Também à escolha do sacerdote, pode haver ou uma imposição da mão ou uma unção
com o óleo dos catecúmenos. Os exorcismos foram reduzidos a uma oração, com
duas fórmulas à escolha, cujo alcance é menor e de que voltaremos a falar.
O escamotear da batalha contra o
demónio em favor da simples noção de acolhimento na comunidade
Na forma tradicional, o
baptismo é apresentado como uma infusão da vida divina no âmbito de um
dinamismo de explícito combate contra o poder exercido pelo demónio por causa
do pecado original; no rito novo, esta perspectiva aparece muito pouco.
No ritual de Paulo V, o
sacerdote, envergando uma estola roxa, após ter procedido ao interrogatório
sobre o pedido do baptismo e ter recordado o duplo mandamento da caridade
enquanto fundamento da vida cristã, sopra três vezes sobre o rosto da criança e
pronuncia estas palavras: «Retira-te dele, espírito imundo, e dá o lugar ao
Espírito Santo Paráclito.» Depois, faz o sinal da cruz sobre a fronte e o
coração da criança. Mais adiante, durante a cerimónia, após o primeiro
exorcismo e a tríplice renúncia a Satanás, às suas obras e pompas, o sacerdote
fará ainda o sinal da cruz com o óleo dos catecúmenos, o óleo do combate, sobre
o peito e entre os ombros. A imposição da mão – sinal da autoridade que rompe
«todas as correntes com que Satanás o havia prendido» – e o exorcismo sobre o
sal, que se seguem, colocam-se no mesmo sentido do movimento iniciado pelo
primeiro exorcismo.
No novo ritual, as
cerimónias preparatórias são mais curtas, mas mais do que a brevidade das
mesmas, é o significado que lhes é dado que, ao contrastar com o antigo ritual,
nos chama a atenção. Após o interrogatório sobre o pedido do baptismo, o
sacerdote, envergando desde o início uma estola branca (ou «de cor festiva»),
faz um sinal da cruz sobre a fronte da criança e proclama: «é com muita alegria
que a comunidade cristã vos recebe.

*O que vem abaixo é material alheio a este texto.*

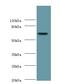 Phospholipase B Domain Containing 2 antibody, LS-B11903, Lifespan Biosciences, Western Blot image 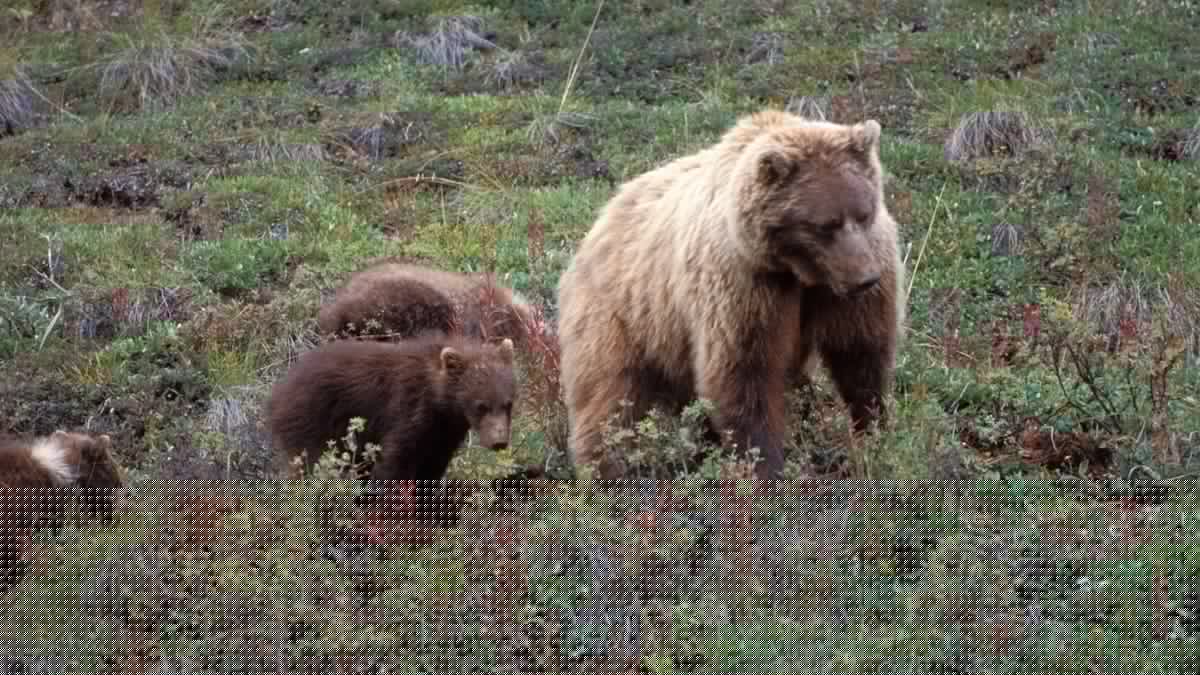 Scarce Food Sources Could Put Bears In A Bind As They Seek Protein For Hibernation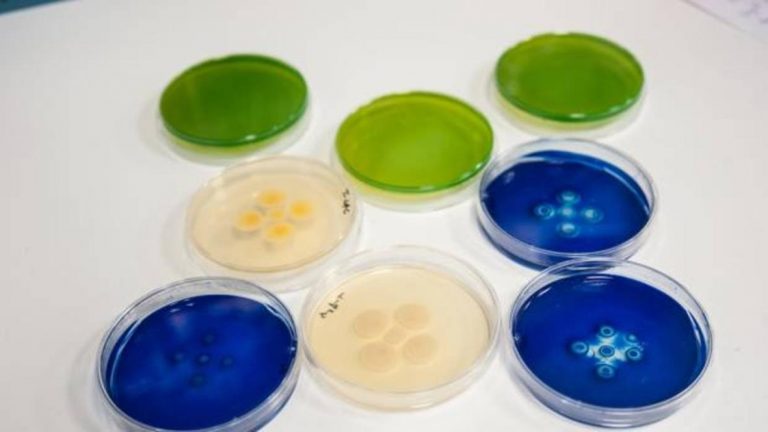 superbacterias-kJRH-1240x698@abc-kbFE-1240x698@abc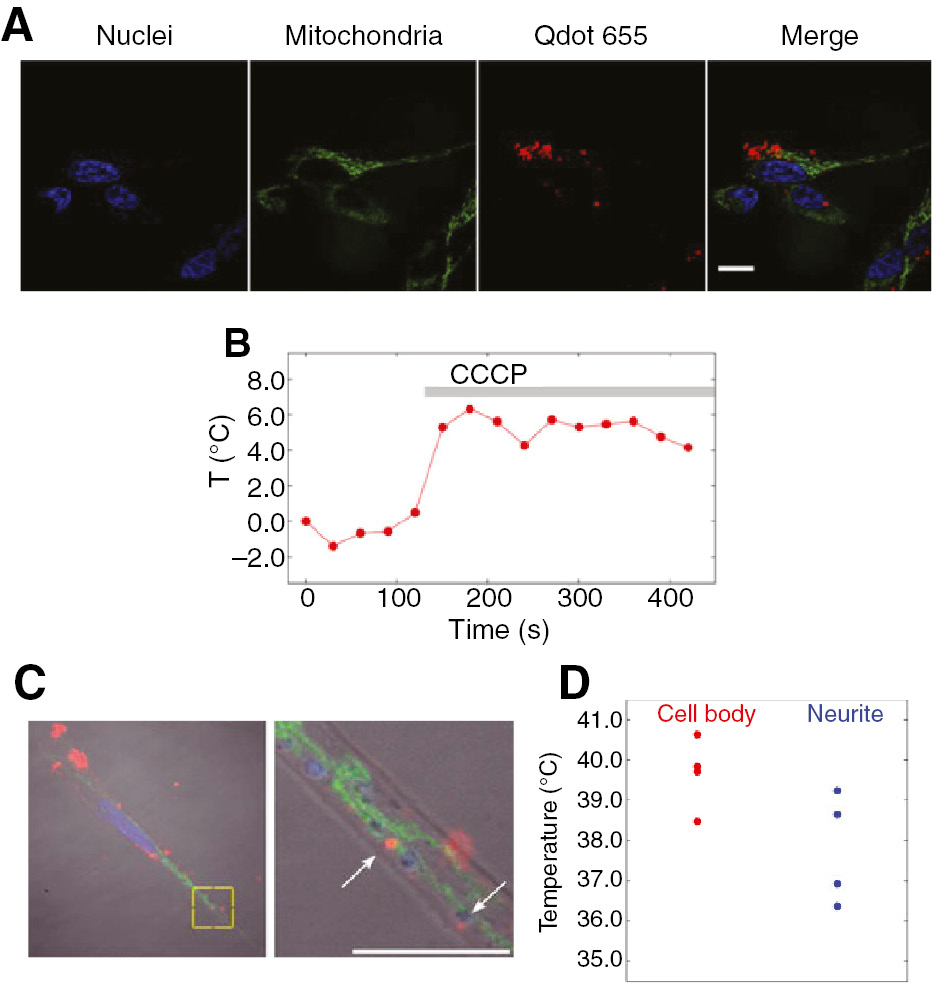 Figure 18: Intracellular thermometry of living cells using Qdot 655 nanocrystals.(A) Confocal fluorescence images of living SH-SY5Y cells labeling nuclei with Hoechst 33342 (blue) and mitochondria with Mito-Tracker Green FM (green) and incorporating quantum dots (red, λex=405 nm) and their merged image. Scar bar=20 μm. (B) Change in the temperature near a single Qdot 655 nanocrystal using chemical stimuli with 10 μm CCCP. (C) The merged images of Hoechst 33342 (blue), Mito-Tracker Green FM (green), Qdot 655 nanocrystals (red) and DIC in a neuronal cell. The right image is the enlarged image of the yellow square in the left image. Arrows point to the quantum dots. Scar bar=10 μm. (D) Temperature difference between the cell body (red) and the neurite (blue) in neuronal cells. The mean difference was 1.6°C (p-value=0.062). Reproduced from Tanimoto et al. (2016).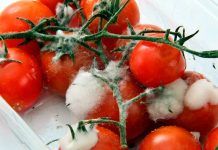 Alemania alerta del peligro de toxinas naturales en alimentos Alemania alerta del peligro de toxinas naturales en alimentos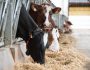 Mycotoxins: Cows are not fully protected
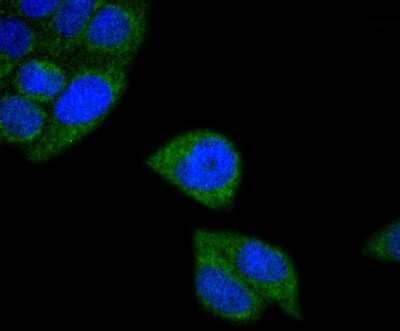 Immunocytochemistry/Immunofluorescence: MT-CO2 Antibody (SC06-88) [NBP2-67617] - Staining MTCO2 in Hela cells (green). The nuclear counter stain is DAPI (blue). Cells were fixed in paraformaldehyde, permeabilised with 0.25% Triton X100/PBS.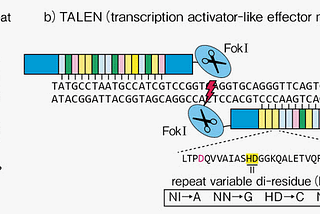 TALENs Gene Editing in Plants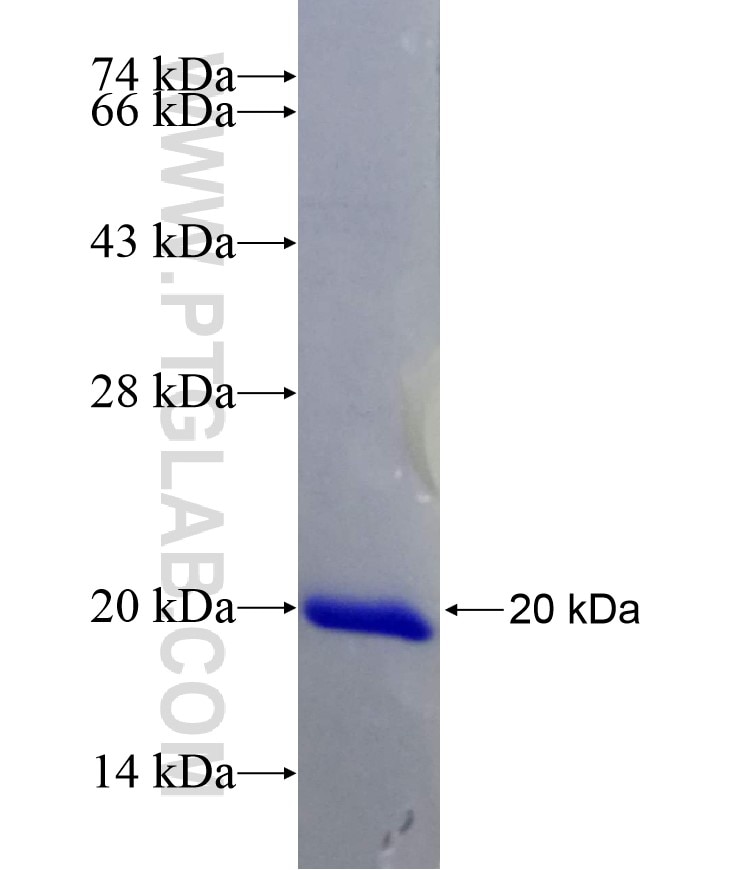 OPA3 fusion protein Ag8173 SDS-PAGE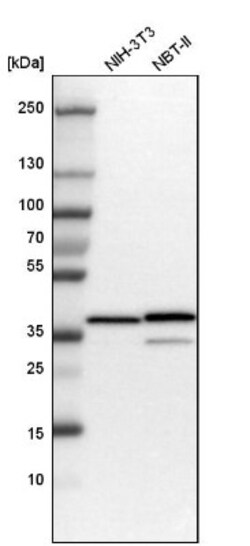 Annexin A1 Antibody, Novus Biologicals:Antibodies:Primary Antibodies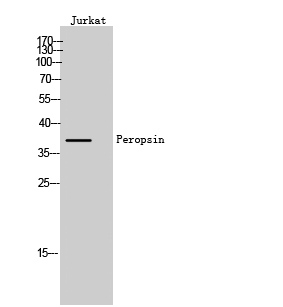 Peropsin Polyclonal Antibody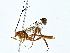  ( - BIOUG76516-B10)  @11 [ ] CreativeCommons - Attribution (2022) CBG Photography Group Centre for Biodiversity Genomics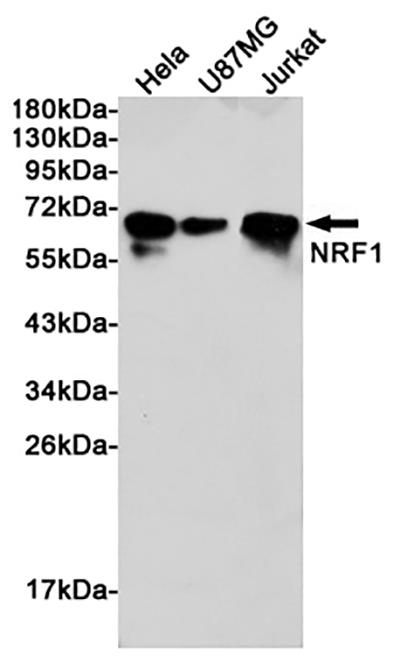 Nrf1 Rabbit Polyclonal Antibody | 兔多抗 | EnkiLife恩玑生命
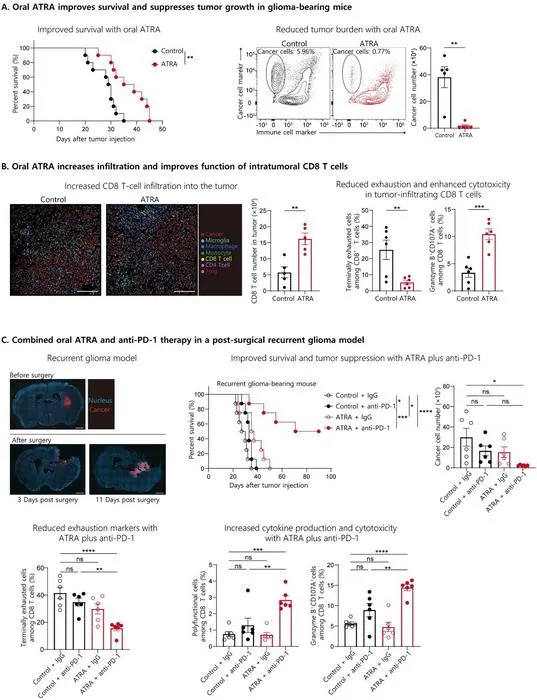 Vitamin A Metabolite Preserves T Cells’ Function as KAIST Points to a New Strategy for Treating Intractable Brain Tumors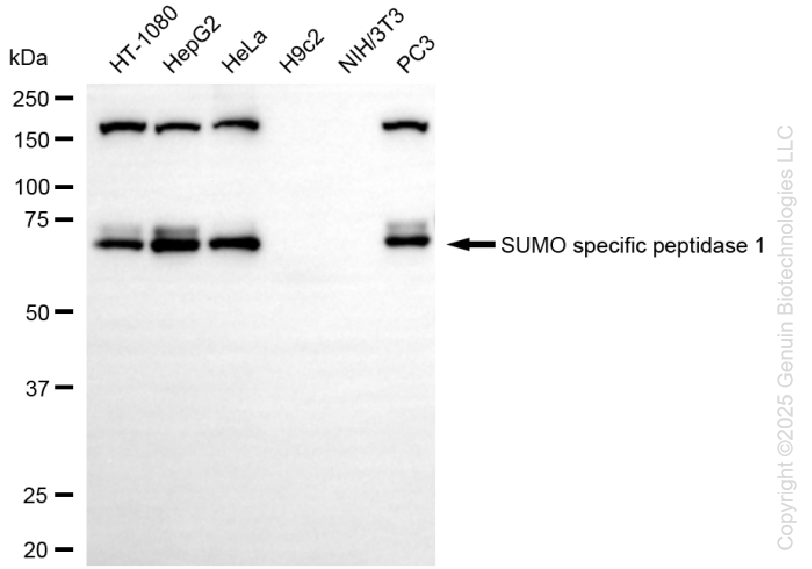 SENP1 antibody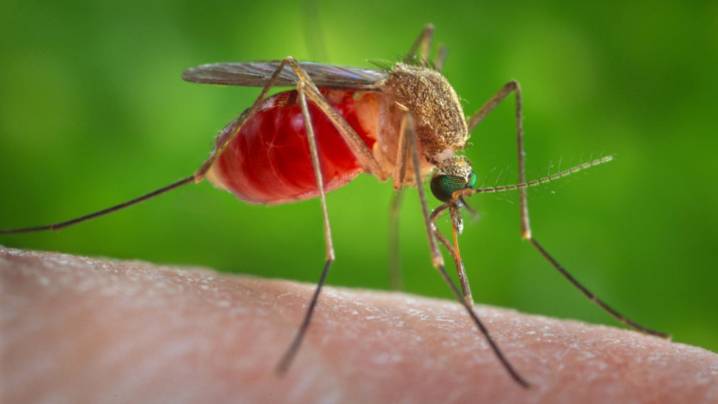 A second case of West Nile Virus is detected in a midtown Savannah mosquito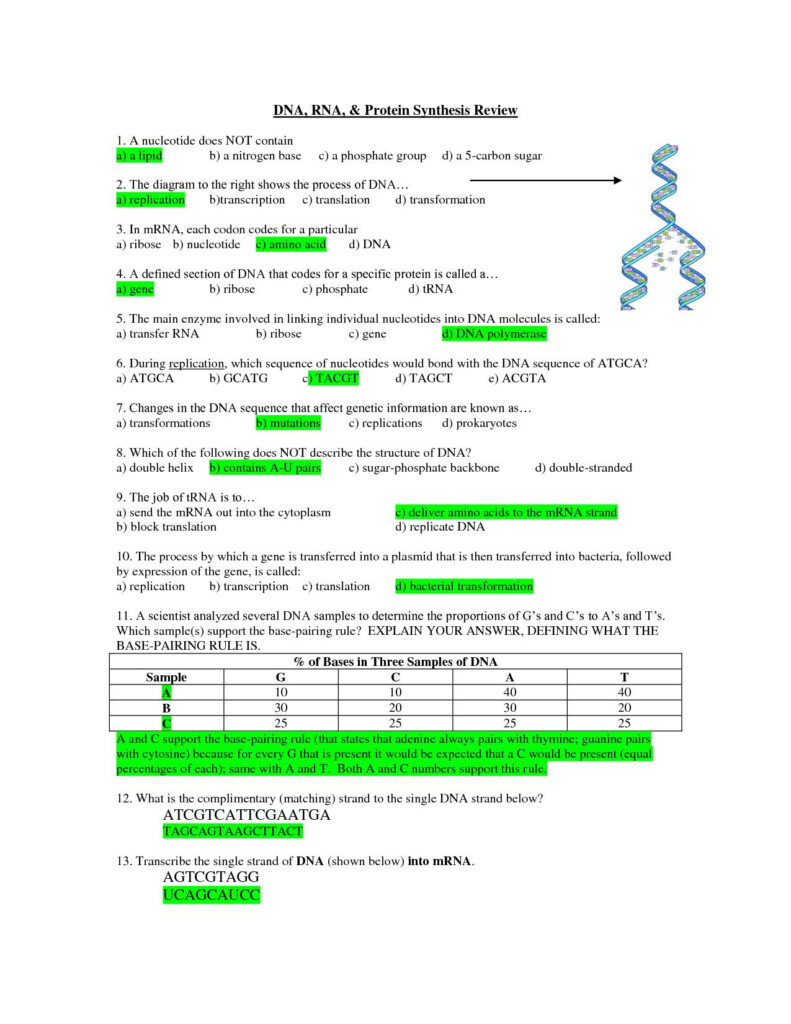 Read Online Worksheet On Dna Rna And Protein Synthesis Answers PDF 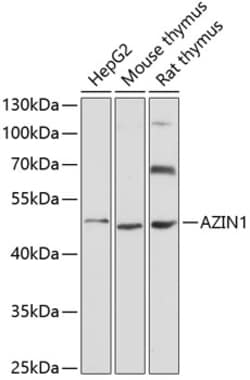 Invitrogen AZIN1 Polyclonal Antibody 100 μL; Unconjugated:Antibodies,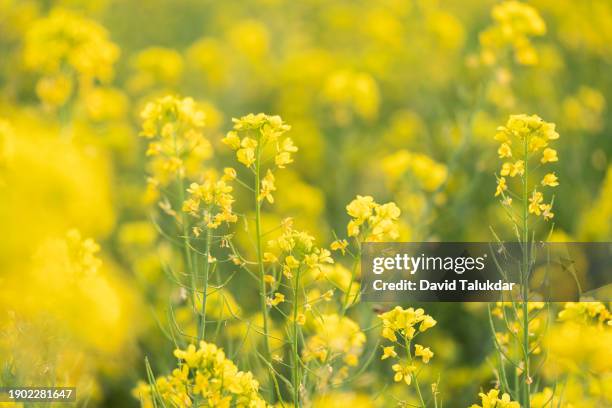 mustard flower field - mostaza-hierba fotografías e imágenes de stock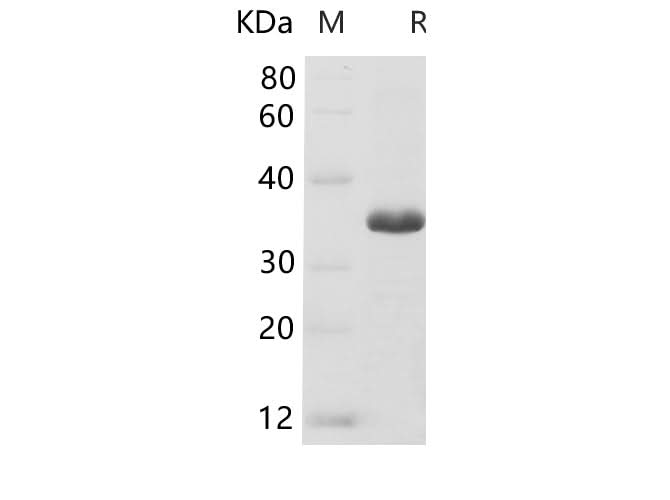 SDS-PAGE analysis of Human GAPDH proteins, 2 μg/lane of Recombinant Human GAPDH proteins was resolved with SDS-PAGE under reducing conditions, showing bands at 34-37 kDa.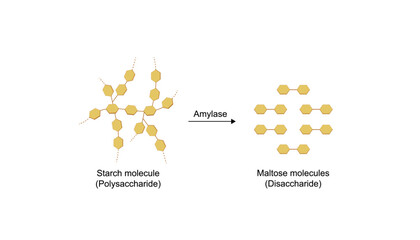 Carbohydrates digestion. Amylase enzyme catalyzes digestion of polysaccharide starch molecule to disaccharides maltose molecules. Scientific diagram. Vector illustration.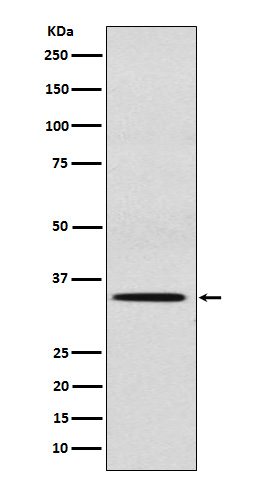 Rabbit monoclonal antibody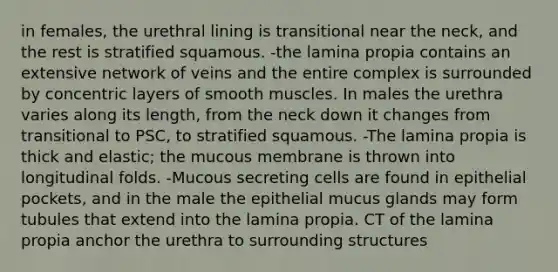 in females, the urethral lining is transitional near the neck, and the rest is stratified squamous. -the lamina propia contains an extensive network of veins and the entire complex is surrounded by concentric layers of smooth muscles. In males the urethra varies along its length, from the neck down it changes from transitional to PSC, to stratified squamous. -The lamina propia is thick and elastic; the mucous membrane is thrown into longitudinal folds. -Mucous secreting cells are found in epithelial pockets, and in the male the epithelial mucus glands may form tubules that extend into the lamina propia. CT of the lamina propia anchor the urethra to surrounding structures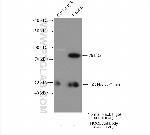 THOC5 Antibody in Immunoprecipitation (IP)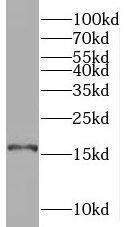 SYNJ2BP/ARIP2 Antibody - BSA Free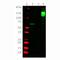 Cas9 antibody, M30929-2, Boster Biological Technology, Western Blot image 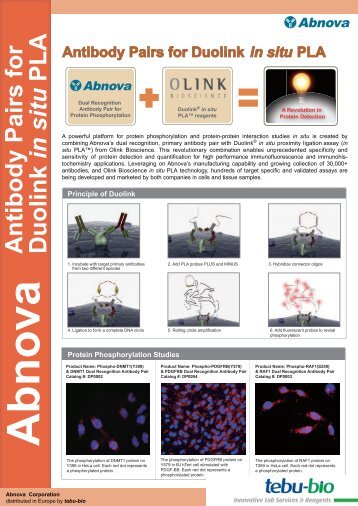 Abnova Antibody Pairs for Duolink in situ PLA - Tebu-Bio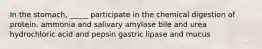 In the stomach, _____ participate in the chemical digestion of protein. ammonia and salivary amylase bile and urea hydrochloric acid and pepsin gastric lipase and mucus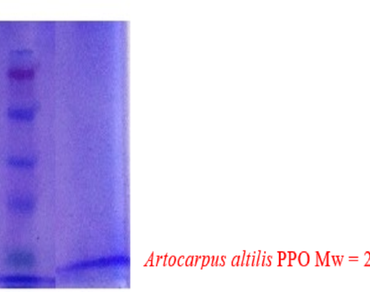 n                     Artocarpus altilisn                  , Purification and characterisation, Natural fruit extracts, Browning control, Enzyme inhibition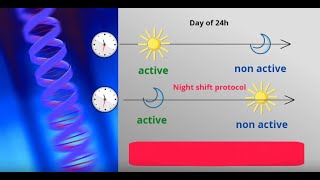 Genes & night shift work (by Laura Kervezee)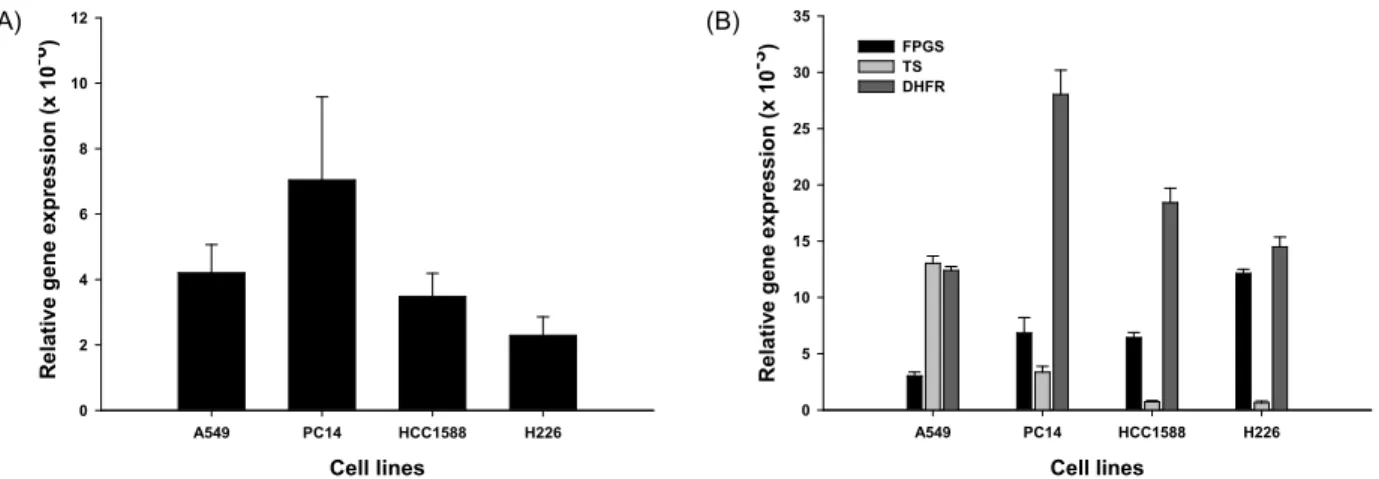Fig. 1. Expression level of the RFC, FPGS, TS and DHFR mRNA transcripts period The expression of (A) RFC and (B) FPGS, TS, and DHFR in four cell lines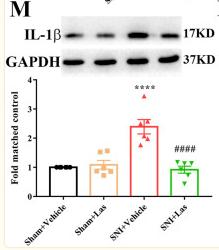 Cleaved-IL-1 beta (Asp116) Antibody - FIGURE 9
Effect of 5-HT1F receptor agonist on neuroinflammation in the spinal cord of neuropathic pain rats.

Em seu nome, eu vos assinalo com o sinal da
cruz, e, depois de mim, os vossos pais (e padrinhos) vão também assinalar-vos
com o mesmo sinal de Cristo Salvador.» Segue-se a entrada e uma procissão enquanto
se entoa um cântico à escolha; dá-se a sugestão do salmo 84 – na Vulgata, 83,
mas mundo fora, também se sugere o salmo 100 (99) Iubilate Deo, omnis terra/Aclamai o Senhor terra inteira, um salmo de louvor por excelência, ou outro de
tonalidade semelhante.
A impressão que fica é
a de que o futuro baptizado entra já em pleno na Igreja e que, por isso, a
alegria se impõe imediatamente, como se a marca de Satanás sobre a alma do
futuro baptizado e o seu poder sobre ela fossem algo insignificante. O contraste
é bem claro com a tonalidade dramática que caracteriza toda a primeira parte da
celebração segundo o ritual tradicional, que nem por isso desconhece, também
desde o começo, a alegria da nova vida inaugurada pelo baptismo (a oração que
antecede a imposição do sal é disso exemplo: «a fim de que, marcado [o
baptizado] pelo sinal da vossa sabedoria fique livre da infecção de todas as
más paixões e animado pelo perfume dos vossos mandamentos, vos sirva em vossa
Igreja alegremente»).
Por fim, a diferença
entre os dois rituais vem a concentrar-se especialmente nos exorcismos. Aí, ela
é considerável:
·
No ritual tradicional,
os dois exorcismos propriamente ditos são particularmente explícitos:
«Exorcizo-te, espírito imundo, em nome do Pai † e do Filho † e do Espírito †
Santo, vai-te, retira-te deste servo de Deus: é o mesmo Deus que te comanda,
maldito, o mesmo cujos pés caminharam sobre o mar e cuja mão direita susteve
Pedro que investia. Por isso, demónio maldito, aceita a tua sentença e dá honra
ao Deus vivo e verdadeiro, dá honra a seu Filho Jesus Cristo e ao Espírito
Santo, e deixa este servo de Deus...» O exorcismo conclui-se então com o traçar
do sinal da Cruz: «E este sinal da Santa Cruz † que nós traçamos sobre a sua fronte,
tu, demónio maldito, nunca ouses violar.» E o segundo exorcismo: «Exorcizo-te,
espírito imundo, em nome de Deus † Pai todo-poderoso, e em nome do seu Filho
Jesus † Cristo, Nosso Senhor e Juiz, e pela virtude do Espírito † Santo; vai-te
desta criatura de Deus...»
·
No novo ritual, há
lugar a uma oração que precede a celebração do sacramento. Não se trata de um
exorcismo propriamente dito, pelo qual o ministro de Cristo, em seu nome,
comanda a Satanás que se vá, mas antes de uma oração pela qual simplesmente se
pede a Deus que se digne genericamente «expulsar de nós o poder de Satanás», e
assim o baptizado venha a ser, em tom mais velado ou difuso, «arrebatado às
trevas».
o 1ª fórmula (na versão portuguesa, já
que pode sempre haver variações de texto e mesmo de sentido segundo as
línguas): «Deus todo-poderoso e eterno, que enviastes ao mundo o vosso filho
para expulsar de nós o poder de Satanás, espírito do mal, e transferir o homem,
arrebatado às trevas, para o reino admirável da vossa luz, humildemente vos
pedimos que esta criança, libertada da mancha original, se torne morada do
Espírito Santo e templo da vossa glória.»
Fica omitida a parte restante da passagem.